Our lifestyle choices and habits may impact our risk of stroke. While healthy habits can reduce it significantly, unhealthy ones can make us more prone.

Here are everyday lifestyle habits that could put you at risk of stroke.

High-salt diet

People who consume high-salt diet or diets rich in saturated fats, trans fat, and cholesterol are at high risk of stroke and heart disease. "Eating a lot of packaged and canned stuff can also increase stroke risk due to high salt and nitrate preservatives. A high salt diet elevates blood pressure and is a prominent risk factor. Managing the diet can reduce stroke risk by 30 per cent," says Dr. Praveen Gupta, Principal Director & Head, Department of Neurology, Fortis Memorial Research Institute, Gurugram.

Inactive lifestyle

Couch potatoes or those who do not regularly exercise may be at increased risk of stroke. "A sedentary lifestyle and obesity are prominent stroke risk factors. As they cause an increase in other health conditions including obesity, high blood pressure, high cholesterol, and diabetes which further increase the risk of stroke. Regular physical activity can lower your chances of stroke. A simple exercise like walking for 150 minutes a week can reduce stroke risk substantially," says Dr Gupta.

Drinking alcohol

If you feel you go overboard with alcohol, now is the time to limit your intake, if you want to ward off risk of stroke. Drinking too much alcohol can raise blood pressure levels and the risk for stroke. It also increases levels of triglycerides, a form of fat in your blood that can harden your arteries, as per Centers for Disease Control and Prevention. "By making the arterial wall weak excessive alcohol use also increases the risk of hemorrhagic stroke," says Dr Gupta.

Smoking and tobacco use

Smoking and tobacco use are the main lifestyle risk factor for stroke. Cigarette smoking can damage the heart and blood vessels, increasing your risk for stroke. 
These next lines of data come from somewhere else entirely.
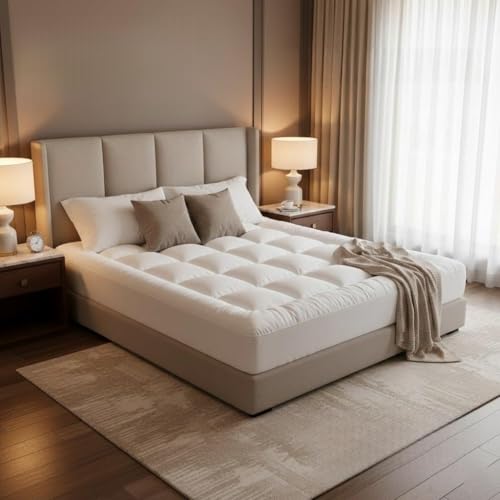 Pro Home1400gsm Double Bed Mattress Topper 10cm Extra Thick Hypoallergenic Firm Mattress Toppers Double Size Bed With Soft Microfiber Fill Breathable & Washable Quilted Topper with Secure Straps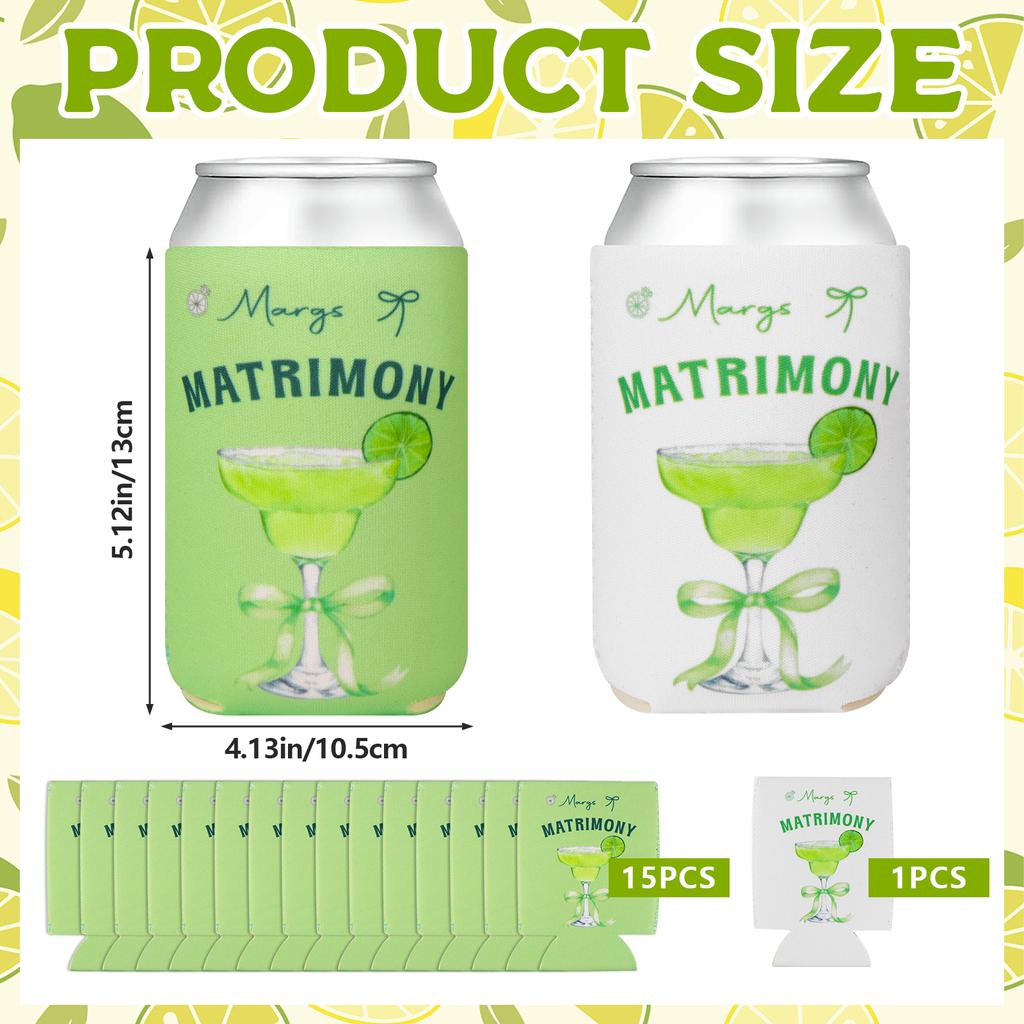 16 Pcs Margarita Party Beer Can Sleeves 12Oz Bachelorette Can Coolers With Lime Print Bulk Margs And Matrimony Beer Cup Holders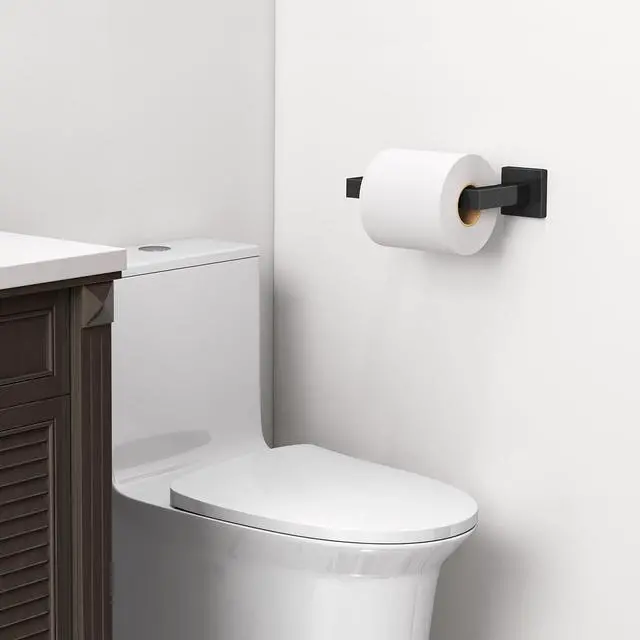Alt view image 3 of 7 - Toilet Paper Holder Matte Black, Wall Mounted Pivoting for Bathroom | Square Tissue Paper Holder, Stainless Steel, Double Post Pivoting, Commercial Toilet Paper Dispenser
"The nicotine in cigarettes raises blood pressure, and the carbon monoxide from cigarette smoke reduces the amount of oxygen that your blood can carry. Even if you don’t smoke, breathing in other people’s secondhand smoke can make you more likely to have a stroke. After cessation of smoking in 5 years your risk may come down close to normal population," according to CDC (Centers for Disease Control and Prevention)

Insomnia or lack of sleep

Lack of proper sleep is coming across as a major risk factor for stroke. Lack of sleep causes an increase in sympathetic hormones like catecholamines that elevate blood pressure and sugar leading to increased oxidative stress and vessel wall injury. A restful sleep restores good health.